Swiss Consul to the United States for the District of Columbia and the Southern States
- In office July 1822 – 16 October 1852

Personal details
- Born: 8 April 1775 Geneva, Republic of Geneva
- Died: 16 October 1852 (aged 77)
- Spouse: Ann Hogan
- Children: 3

= Antoine Charles Cazenove =

Antoine Charles Cazenove (8 April 1775 – 16 October 1852) (born Antoine Charles de Cazenove) was a Swiss-American businessman and diplomat.

== Biography ==
Antoine Charles Cazenove was born on 8 April 1775 to Paul Cazenove and Jeanne-Elisabeth Martin. His ancestry traced to a Huguenot family of Nîmes, France which upon the declaration of the Edict of Nantes was forced to flee to Geneva, Republic of Geneva. Cazenove attended military school in Colmar but, unsatisfied with soldier livelihood, convinced his father to let him drop out one year before completing his education and join banking relatives in London (his classmates who graduated later served as Louis XVI's guards during the 10 August Revolution in France). After three years of work he returned to Geneva to visit his parents. However, conflict spilled over from the French Revolution the city was briefly seized by Jacobins. Cazenove, his father, and his older brother were imprisoned with other local aristocrats in a granary.

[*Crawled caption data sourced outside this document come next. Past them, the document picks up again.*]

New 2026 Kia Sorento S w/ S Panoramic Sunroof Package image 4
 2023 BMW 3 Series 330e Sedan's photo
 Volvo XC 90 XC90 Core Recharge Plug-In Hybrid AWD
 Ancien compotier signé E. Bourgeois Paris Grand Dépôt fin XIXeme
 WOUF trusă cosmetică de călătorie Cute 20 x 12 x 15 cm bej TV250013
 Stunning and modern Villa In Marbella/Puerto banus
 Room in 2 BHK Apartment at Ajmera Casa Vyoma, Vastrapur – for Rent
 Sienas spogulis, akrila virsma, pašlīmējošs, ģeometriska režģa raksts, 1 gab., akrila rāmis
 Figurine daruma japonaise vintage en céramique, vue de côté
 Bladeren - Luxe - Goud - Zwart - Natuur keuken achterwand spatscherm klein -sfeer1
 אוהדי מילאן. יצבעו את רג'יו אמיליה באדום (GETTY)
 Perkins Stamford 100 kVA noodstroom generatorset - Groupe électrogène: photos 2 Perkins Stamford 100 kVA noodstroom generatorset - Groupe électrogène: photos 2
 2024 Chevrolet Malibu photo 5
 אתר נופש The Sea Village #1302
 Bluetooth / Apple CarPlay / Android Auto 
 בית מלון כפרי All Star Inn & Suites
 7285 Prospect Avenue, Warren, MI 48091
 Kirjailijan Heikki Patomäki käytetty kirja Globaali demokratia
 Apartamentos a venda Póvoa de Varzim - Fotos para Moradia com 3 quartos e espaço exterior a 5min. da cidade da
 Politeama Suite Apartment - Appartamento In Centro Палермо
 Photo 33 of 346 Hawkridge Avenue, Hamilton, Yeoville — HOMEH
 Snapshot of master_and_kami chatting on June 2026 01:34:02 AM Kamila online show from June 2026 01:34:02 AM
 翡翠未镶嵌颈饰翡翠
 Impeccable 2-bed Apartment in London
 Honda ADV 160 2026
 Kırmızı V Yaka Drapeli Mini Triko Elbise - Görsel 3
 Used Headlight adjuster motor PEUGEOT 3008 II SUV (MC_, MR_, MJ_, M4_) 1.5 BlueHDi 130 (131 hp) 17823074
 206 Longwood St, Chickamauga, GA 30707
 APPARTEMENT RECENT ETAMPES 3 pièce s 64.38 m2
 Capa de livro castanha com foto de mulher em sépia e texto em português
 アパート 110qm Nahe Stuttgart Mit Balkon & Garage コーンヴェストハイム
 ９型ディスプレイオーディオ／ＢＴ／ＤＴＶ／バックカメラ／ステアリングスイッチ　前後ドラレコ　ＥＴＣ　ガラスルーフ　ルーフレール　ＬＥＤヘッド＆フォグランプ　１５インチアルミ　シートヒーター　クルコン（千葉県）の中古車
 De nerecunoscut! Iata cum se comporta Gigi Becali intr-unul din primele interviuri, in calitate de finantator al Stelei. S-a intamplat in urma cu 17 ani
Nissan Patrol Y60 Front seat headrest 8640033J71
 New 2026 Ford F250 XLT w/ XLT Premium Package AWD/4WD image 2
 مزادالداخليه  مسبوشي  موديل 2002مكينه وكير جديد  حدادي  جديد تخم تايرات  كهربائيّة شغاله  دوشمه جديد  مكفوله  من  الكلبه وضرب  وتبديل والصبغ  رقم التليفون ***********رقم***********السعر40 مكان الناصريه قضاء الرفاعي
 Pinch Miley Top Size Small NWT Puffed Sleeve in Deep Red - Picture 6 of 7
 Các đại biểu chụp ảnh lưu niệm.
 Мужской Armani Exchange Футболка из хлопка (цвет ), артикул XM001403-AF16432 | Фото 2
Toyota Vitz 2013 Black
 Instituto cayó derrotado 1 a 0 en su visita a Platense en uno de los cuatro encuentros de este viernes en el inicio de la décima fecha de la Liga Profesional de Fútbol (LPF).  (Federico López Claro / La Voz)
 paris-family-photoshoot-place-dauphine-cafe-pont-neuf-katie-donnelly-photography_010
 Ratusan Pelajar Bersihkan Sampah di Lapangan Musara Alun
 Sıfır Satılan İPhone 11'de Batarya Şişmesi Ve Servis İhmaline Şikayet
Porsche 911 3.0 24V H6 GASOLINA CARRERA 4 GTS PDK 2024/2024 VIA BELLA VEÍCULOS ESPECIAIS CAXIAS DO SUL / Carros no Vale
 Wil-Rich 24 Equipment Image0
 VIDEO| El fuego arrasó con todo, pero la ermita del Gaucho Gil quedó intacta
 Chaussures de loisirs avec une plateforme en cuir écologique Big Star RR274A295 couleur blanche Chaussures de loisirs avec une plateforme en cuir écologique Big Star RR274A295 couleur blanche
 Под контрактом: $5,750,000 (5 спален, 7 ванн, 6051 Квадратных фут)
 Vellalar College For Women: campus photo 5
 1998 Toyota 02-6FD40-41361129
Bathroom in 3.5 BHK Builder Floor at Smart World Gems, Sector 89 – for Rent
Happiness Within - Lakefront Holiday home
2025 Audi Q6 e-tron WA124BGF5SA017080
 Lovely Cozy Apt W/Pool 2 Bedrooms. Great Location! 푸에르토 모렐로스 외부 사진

The brothers were brought to trial but were acquitted of any wrongdoing and released.

Following the release of his father, Cazenove and his family traveled through Germany to Hamburg, where they took a ship to Britain, and then to Philadelphia, the United States, arriving in November 1794. Cazenove's family later went back to France. He married a woman he met in Philadelphia, Ann Hogan, and eventually had two sons and a daughter with her in America. Originally planning to return to Geneva, Cazenove arranged for all of his children to have citizenship of the city. He partnered with Albert Gallatin in establishing a glassworks plant in Uniontown, Pennsylvania (the first in the United States) and later erected several mills west of the Allegheny Mountains. John Jacob Astor offered him a job assisting in his burgeoning fur trade business, but he declined.

In 1799 Cazenove moved to Alexandria, Virginia. The following year he was hired as an agent by the E. I. du Pont de Nemours and Company and purchased several warehouses in the area on its behalf. He later founded A.C. Cazenove & Company and served as director of the Bank of Alexandria. By 1822, Cazenove had established himself as a successful wine and tobacco merchant in the city. In July, he was appointed by the Swiss Federal Diet to be one of the two first Swiss consuls in the United States. He performed his consular duties alongside his regular business activities in an honorary capacity until 1852, with his later service containing more formal diplomatic functions. He also performed diplomatic duties for some of the smaller states of the German Confederation, such as the Grand Duchy of Mecklenburg.